Enciclopédias obsoletas viraram parede contra a água. A escada de livros é hoje atração entre os visitantes e gatos

Luigi Frizzo é o nome por trás do caos. Nascido na província de Vicenza, nos anos 1940, passou a juventude entre Treviso e Milão, trabalhando com comércio de livros raros, arte e antiguidades. Chegou a Veneza nos anos 1970, fugido da lógica industrial de livrarias-modelo e das obrigações fiscais que tornavam o comércio editorial algo cada vez menos encantador. Fundou a Acqua Alta em 2004, oficialmente, mas os primeiros sinais do que ela viria a ser são anteriores.
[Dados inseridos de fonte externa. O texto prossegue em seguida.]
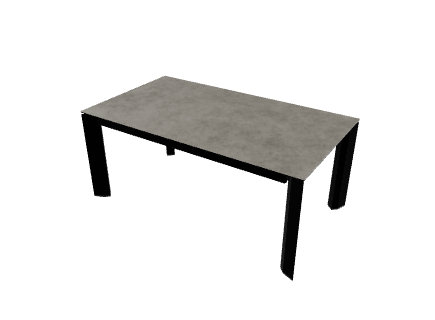 Delta Extendable Tables, Salt White, Matt Black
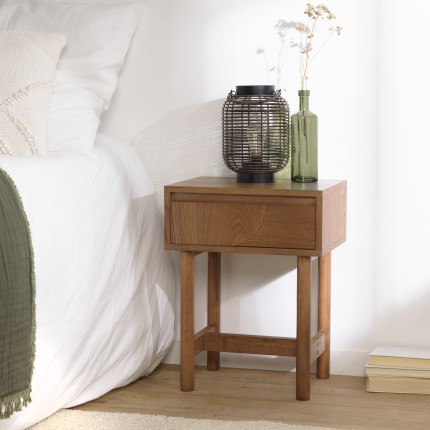 Chevet bois et décor motif arrondi | Meubles Macabane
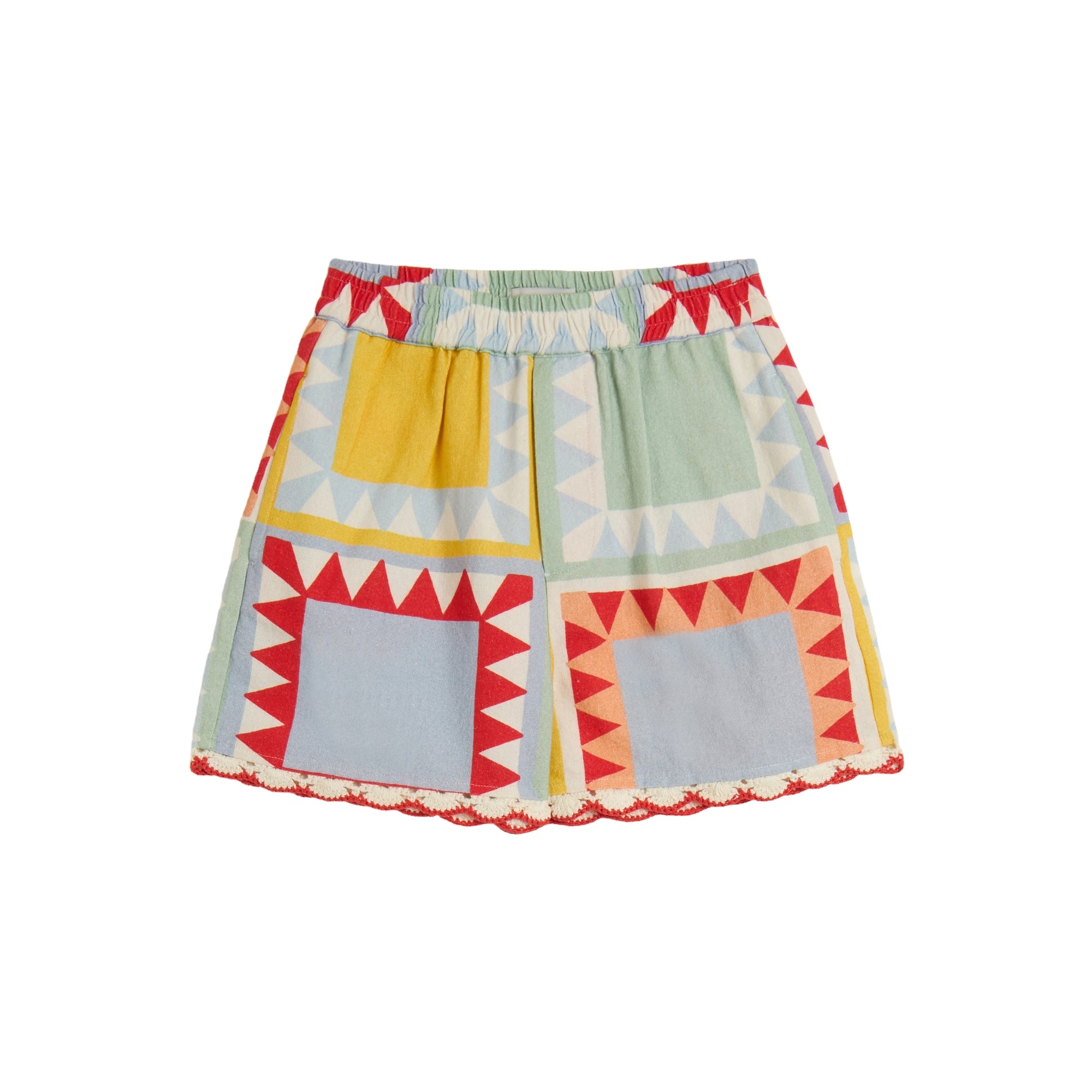 Stella McCartney Kids-Girl Small Picnic Patchwork Shorts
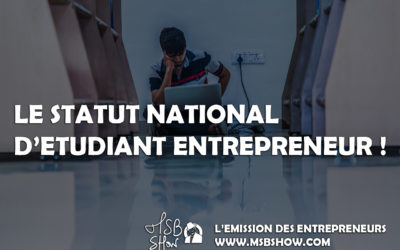 Le statut national étudiant-entrepreneur pour lancer une entreprise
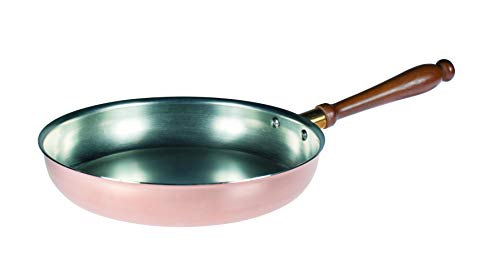 Pentole Agnelli COCUPADFLAM26 Padella con Manico in Legno, Rame, 26 cm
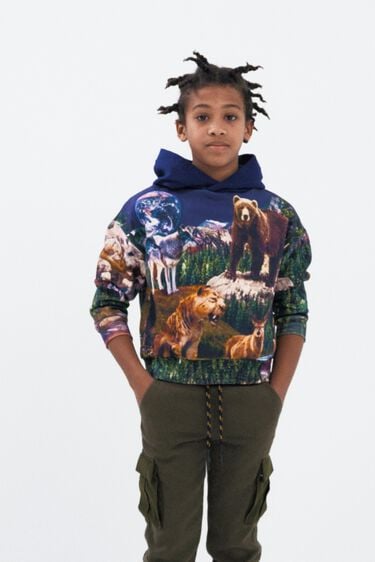 Sweatshirt print digital animais | Desigual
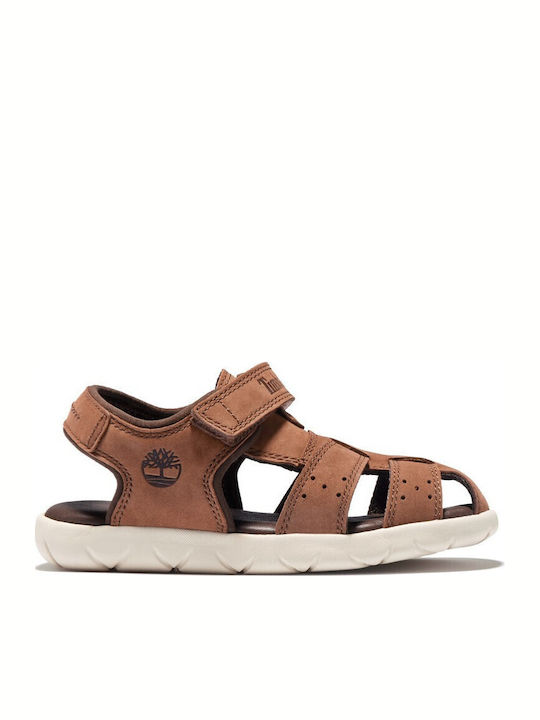 Timberland Nubble Fisherman Anatomic Kindersandalen Tabac Braun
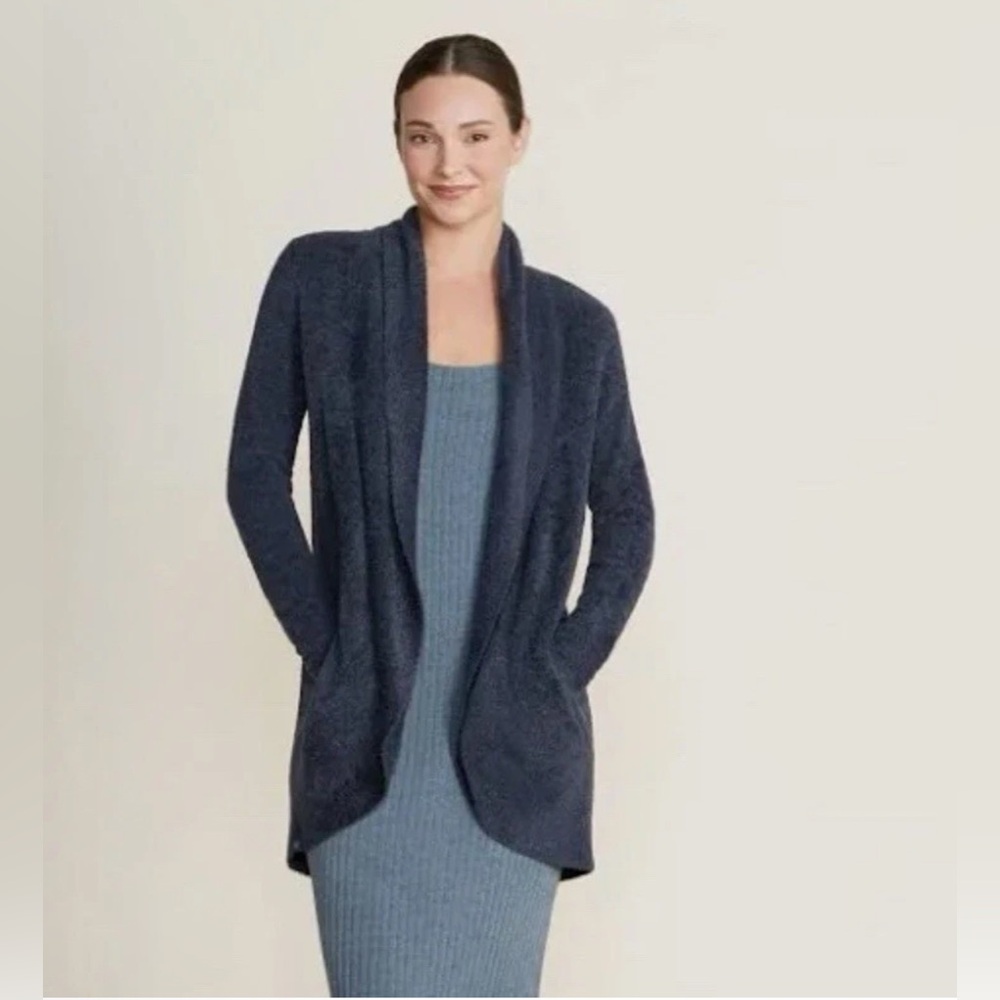 Barefoot Dreams NWT Cozy Chic Indigo Cardigan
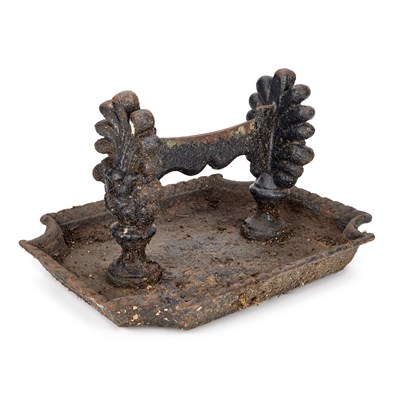 Lot 694 - A VICTORIAN COUNTRY HOUSE CAST IRON BOOTSCRAPER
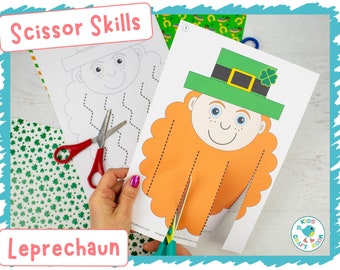 Leprechaun Scissor Skills Activity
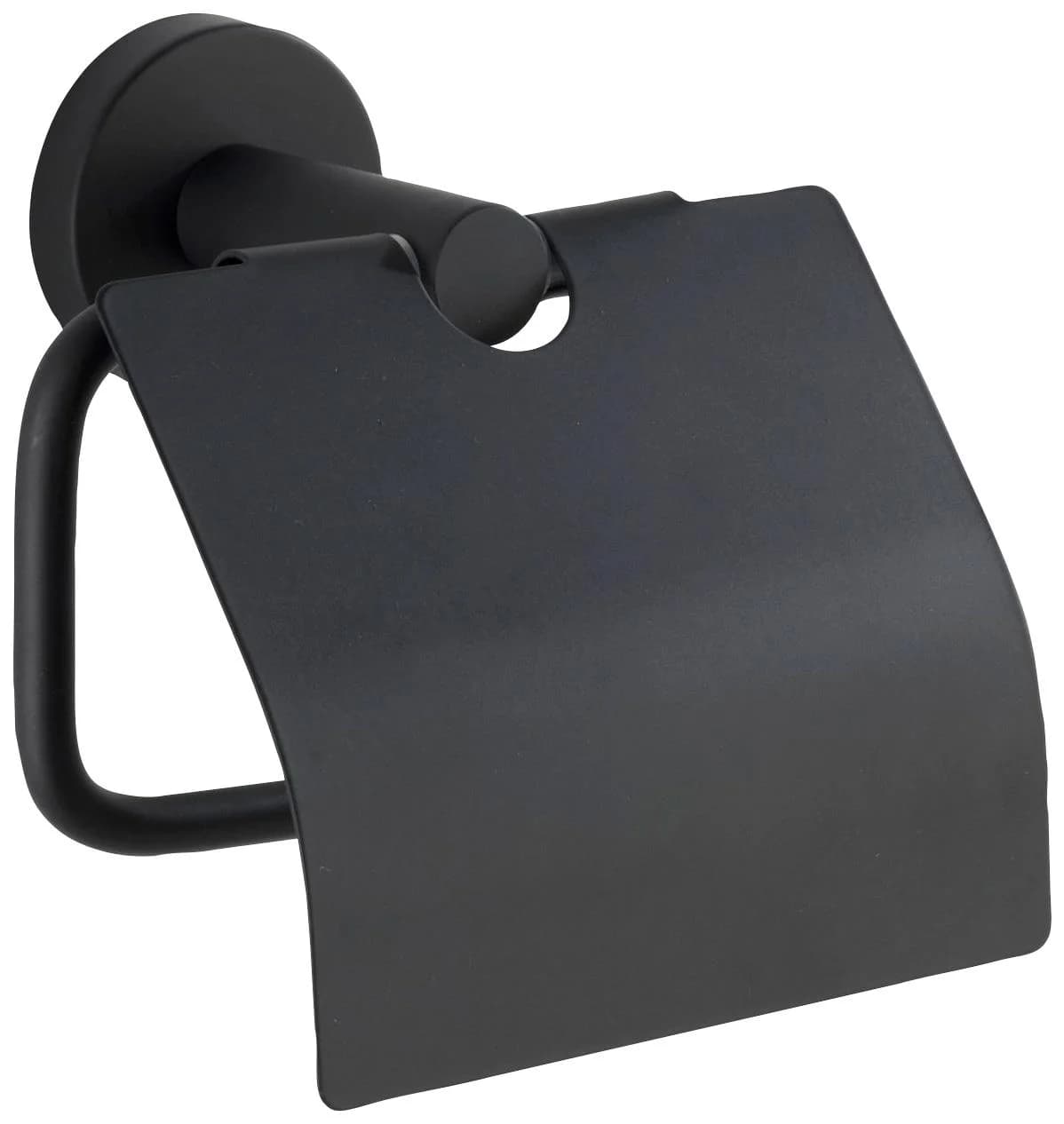 WENKO Toilettenpapierhalter Bosio Black Edelstahl Industrial Style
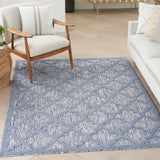 nourison easy care nes01 denim blue rug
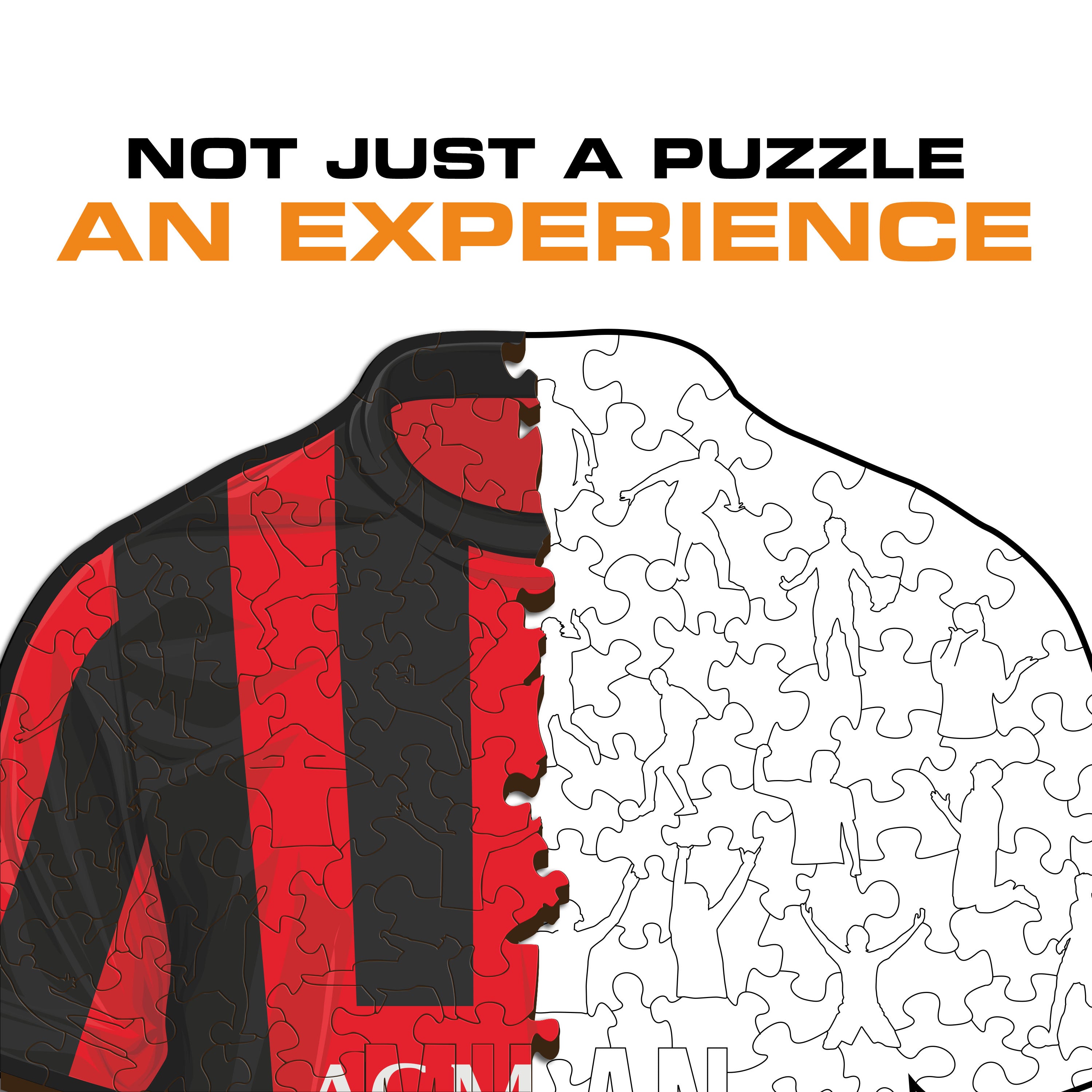 AC Milan® Jersey - Wooden Puzzle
Durante anos, acumulou volumes descartados, doações de bibliotecas públicas, restos de feiras literárias e estoques inteiros de livrarias que faliram na região do Vêneto. O acervo que ocupa hoje os quase 150 metros quadrados da loja foi, em grande parte, resgatado do esquecimento ou da água.

A água. Não há como falar da livraria sem mencioná-la. O nome do lugar, Acqua Alta, remete diretamente ao fenômeno que, há séculos, define o ritmo e a precariedade da vida em Veneza: a maré alta. Entre os meses de outubro e março, os ventos do Adriático empurram o nível do mar contra as fundações da cidade, invadindo becos, praças e interiores. A grande cheia de 1966, a mais grave do século 20, submergiu a cidade com uma lâmina de 194 centímetros de água salgada. Para muitos, foi a prova de que Veneza era insustentável. Para Luigi, foi o contrário. “Foi ali que entendi que os livros precisavam aprender a nadar”, diria ele anos depois.

A ideia de que os livros pudessem flutuar não é uma metáfora na Acqua Alta. É técnica. São dezenas de banheiras antigas servindo de prateleiras, todas posicionadas em alturas calculadas para resistir à invasão da maré. Canoas de carga formam corredores inteiros. Há uma gôndola posicionada bem no centro da sala principal, ocupada por dicionários de francês, almanaques soviéticos e manuais de botânica dos anos 1950. Alguns volumes permanecem envoltos em capas plásticas. Outros estão manchados, enrugados, quase em decomposição, mas ainda legíveis. O tempo ali não é cronológico. É climático.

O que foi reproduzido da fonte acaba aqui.